De acordo com a acusação, o ex-deputado teria articulado, junto a integrantes do governo dos Estados Unidos, a aplicação de sanções internacionais contra ministros da Suprema Corte brasileira, incluindo Alexandre de Moraes.
A Procuradoria afirma que a suposta atuação teria como objetivo interferir em processos ligados ao ex-presidente Jair Bolsonaro.
Defesa questiona citação e aponta falta de contato com Eduardo
Além de pedir o afastamento de Moraes, a DPU também questionou a forma como Eduardo Bolsonaro foi citado no processo.
Segundo a Defensoria, o parlamentar estava nos Estados Unidos em endereço conhecido pelas autoridades, o que exigiria citação por carta rogatória — procedimento formal utilizado em comunicações judiciais internacionais — e não por edital.

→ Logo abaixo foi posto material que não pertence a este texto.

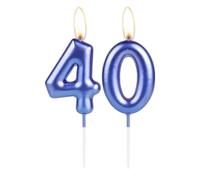 Sparkling Dark Blue 40th Birthday Number Candle, Pearl Blue Number 40 Cake Candle, Birthday Cake Topper Cupcake Girl Boy, Wedding Anniversary Decoration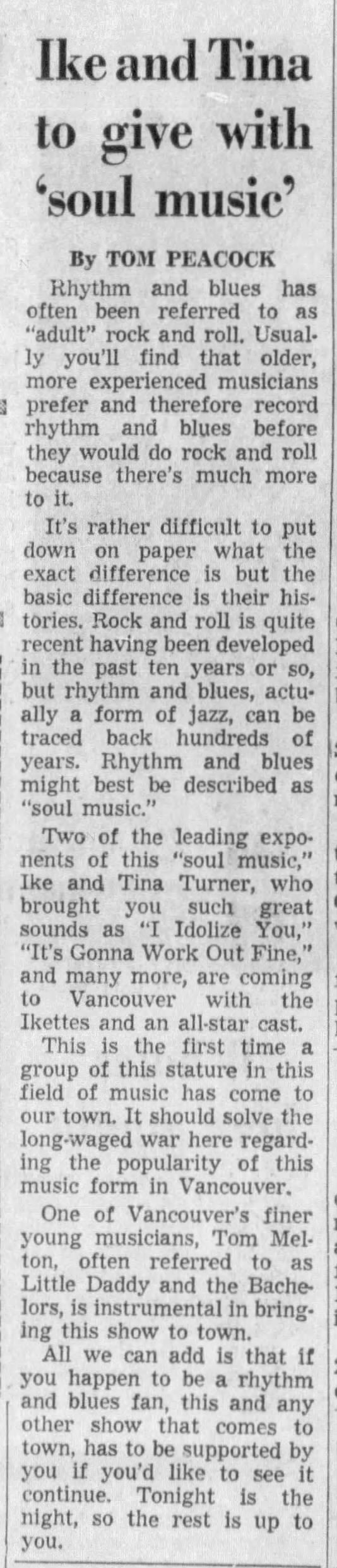 Ike and Tina Turner at Blues Palace 2/25/1963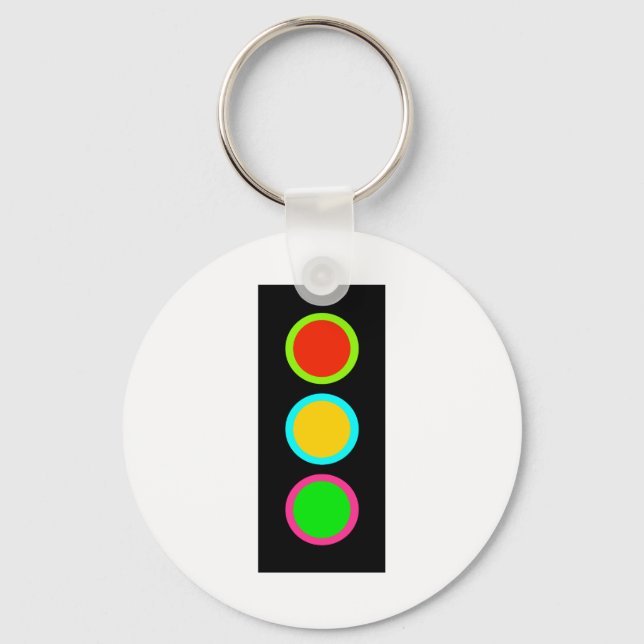 Traffic Signal Stop-Caution-Go Mod Stop Light Fun Keychain (Front)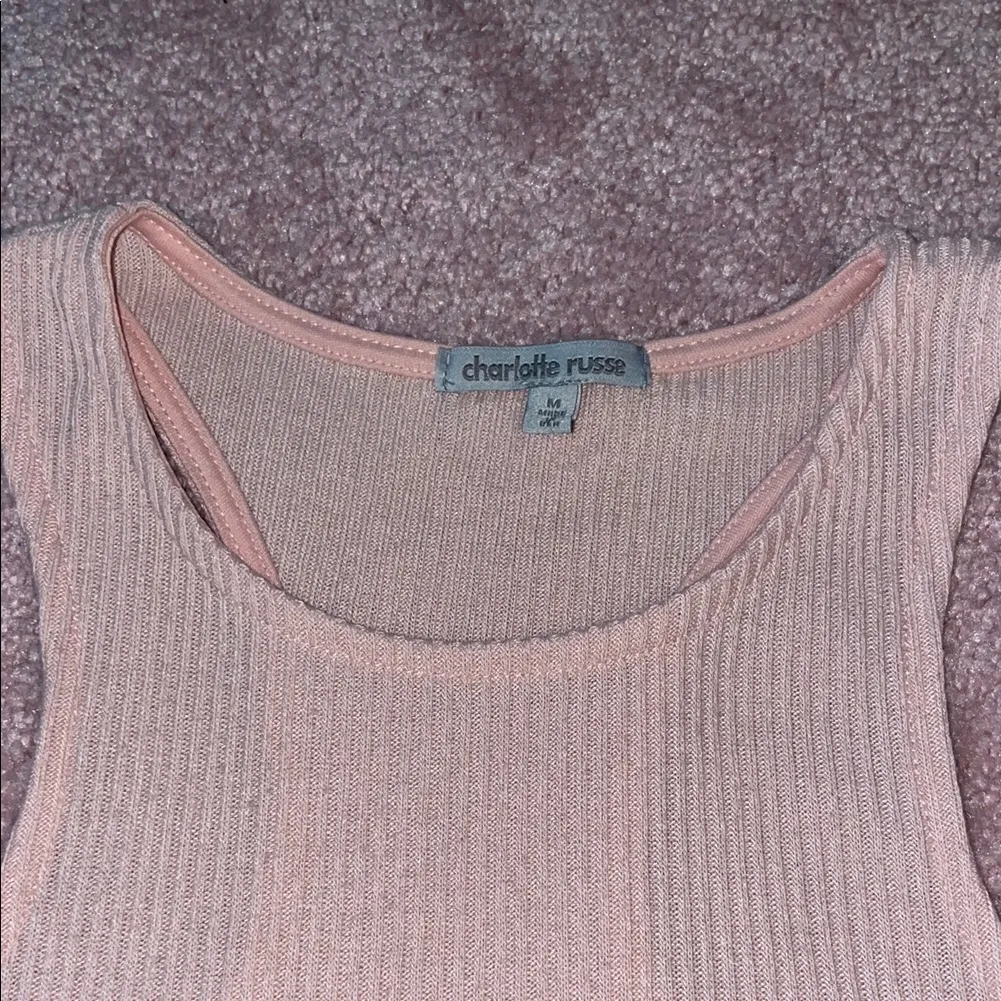 Ribbed Pink Tank Top - Image 2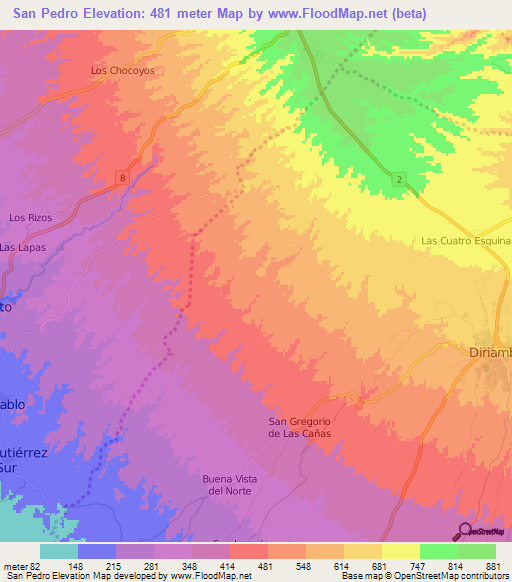 San Pedro,Nicaragua Elevation Map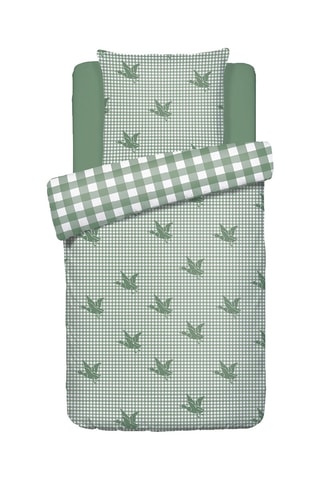 Juego de nórdico de percal de algodón 144 g/m² Vichy - Verde pato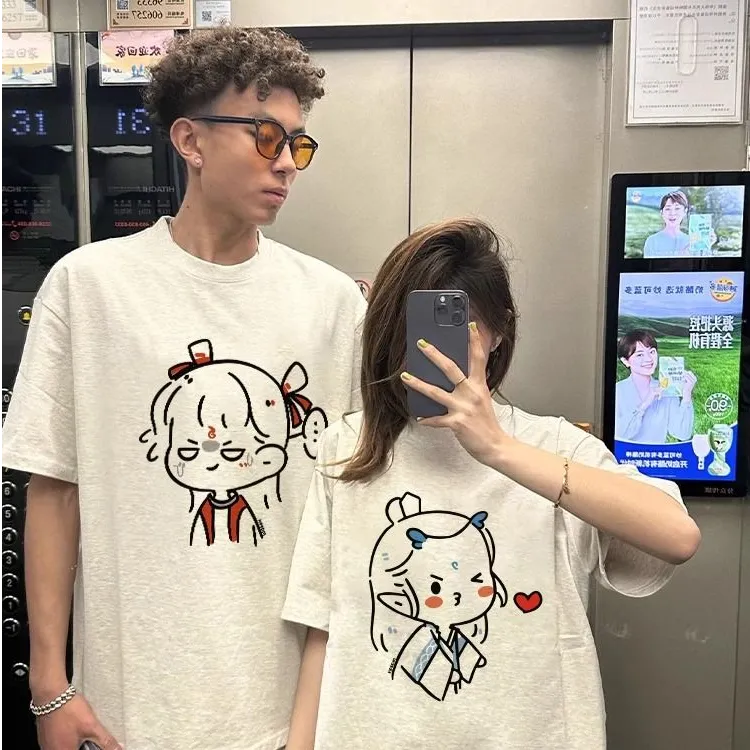 大码300斤哪吒敖丙印花情侣短袖夏季新款小众卡通纯棉五分袖上衣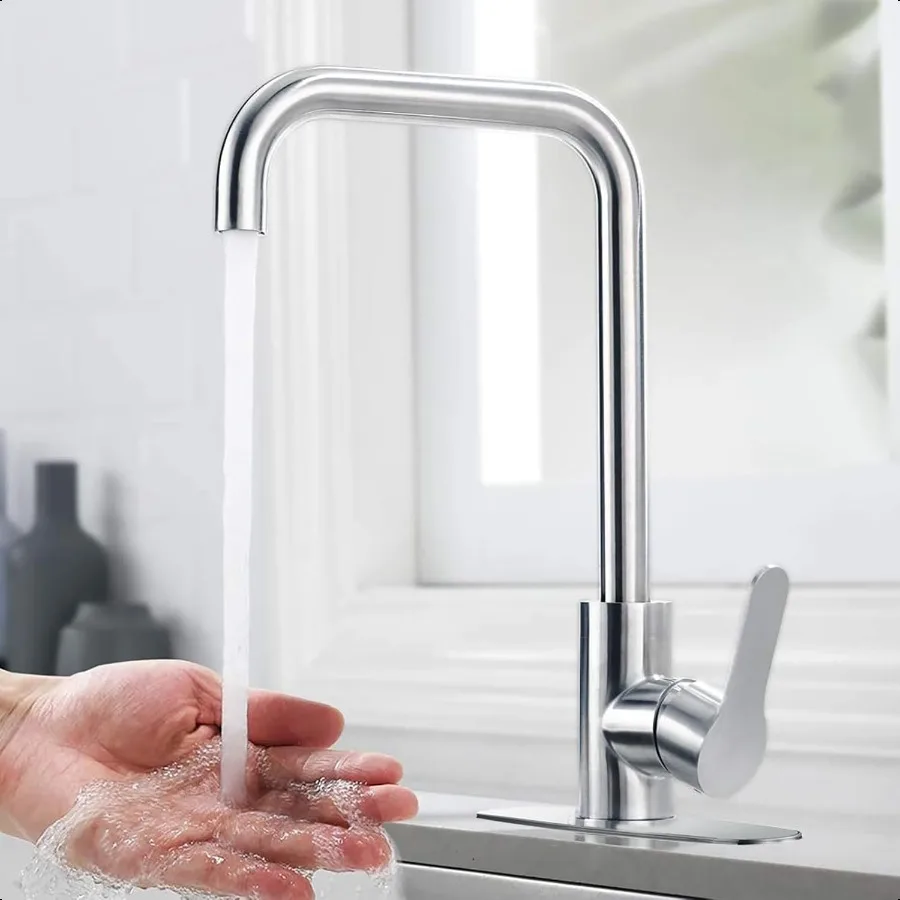 

360 ° Поворотный кухонный смеситель для горячей и холодной воды, антикапельный керамический смеситель для кухни и ванной комнаты, хромированный смеситель для раковины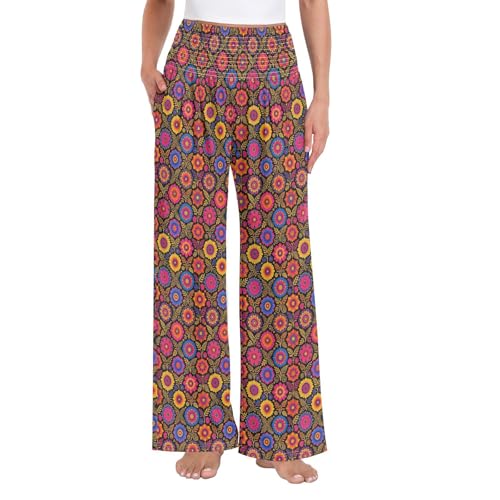 Pantalon large à poches taille haute extensible pour femme style mexicain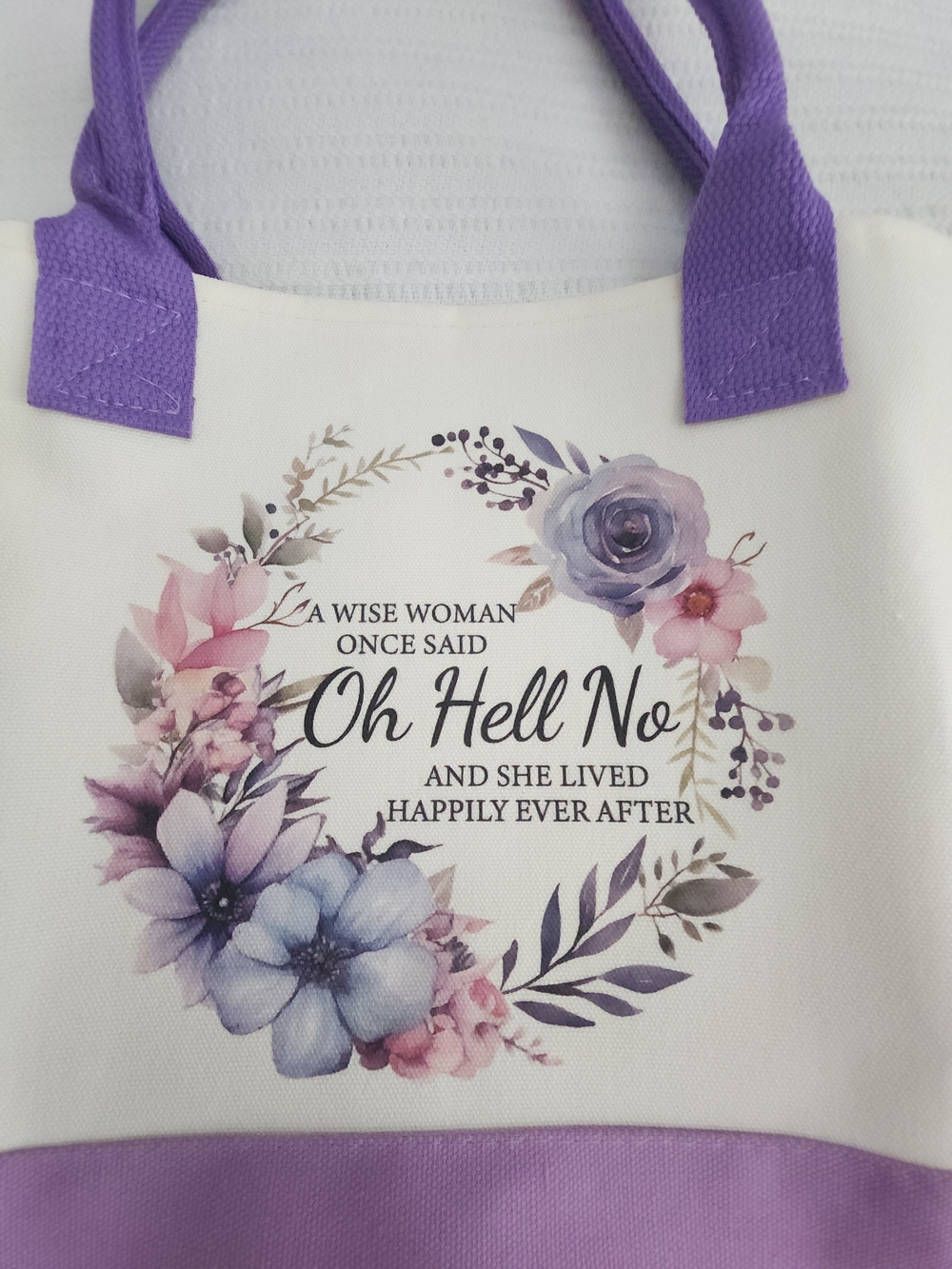 Oh Hell No Floral Canvas Tote Bag - Purple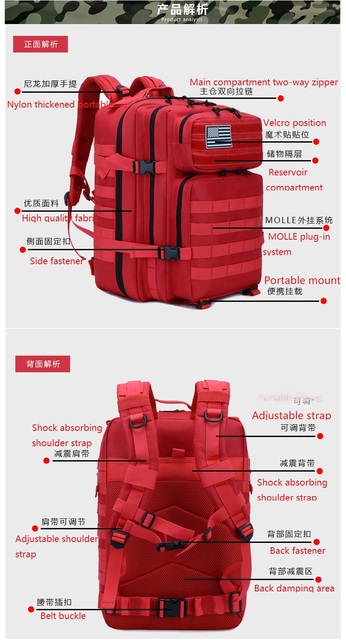 Męski plecak we wzór maskujący, wojskowa torba o pojemności 45L, wodoodporna, idealna do turystyki - Wianko - 2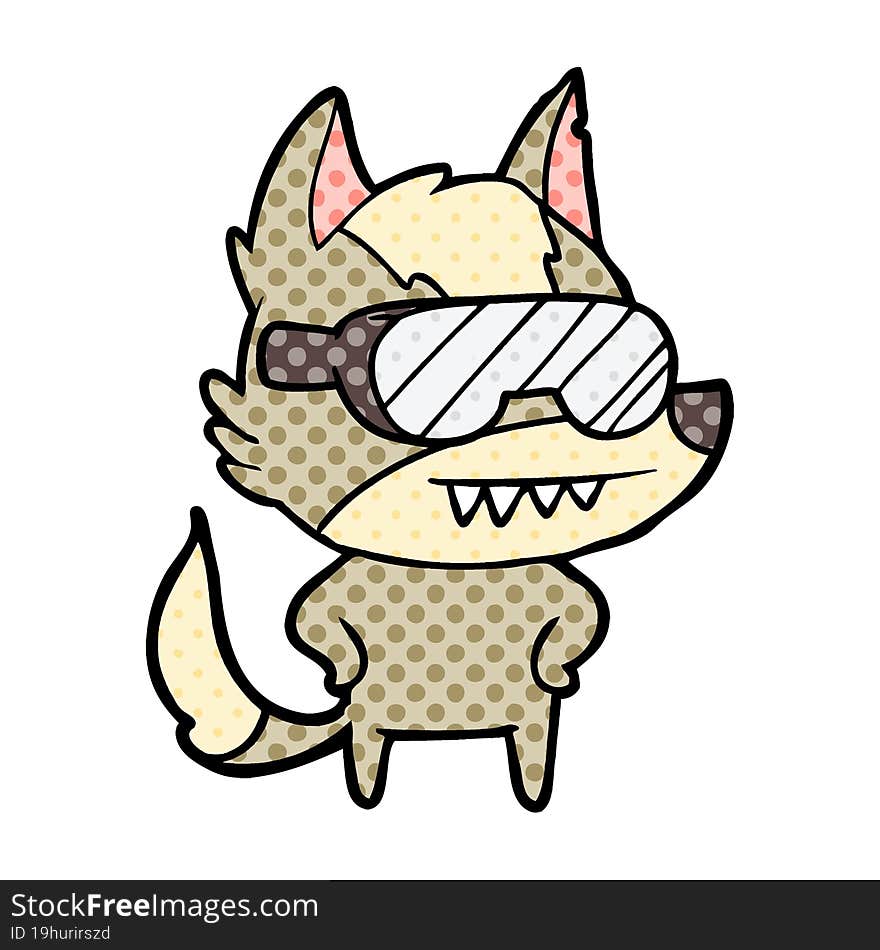 wolf wearing goggles cartoon. wolf wearing goggles cartoon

A DPU afirmou ainda que atuou no caso sem contato direto com Eduardo Bolsonaro, destacando limitações na elaboração da defesa.
DPU afirma que falas estão protegidas por imunidade parlamentar
No mérito da ação, a Defensoria argumenta que as declarações públicas e articulações políticas atribuídas ao ex-deputado não configuram o crime de coação no curso do processo.
Segundo a defesa, não houve “grave ameaça”, requisito previsto no Código Penal para caracterização do delito. A DPU também sustenta que as manifestações estariam protegidas pela liberdade de expressão e pela imunidade parlamentar.
Processo pode ser liberado para julgamento
A denúncia contra Eduardo Bolsonaro foi aceita pela Primeira Turma do STF em novembro do ano passado. Votaram pelo recebimento da acusação os ministros:
- Alexandre de Moraes
- Flávio Dino
- Cristiano Zanin
- Cármen Lúcia
Em fevereiro, o Supremo formalizou a abertura da ação penal. Agora, com a entrega das alegações finais pela PGR e pela defesa, o processo pode ser encaminhado para julgamento pela Corte.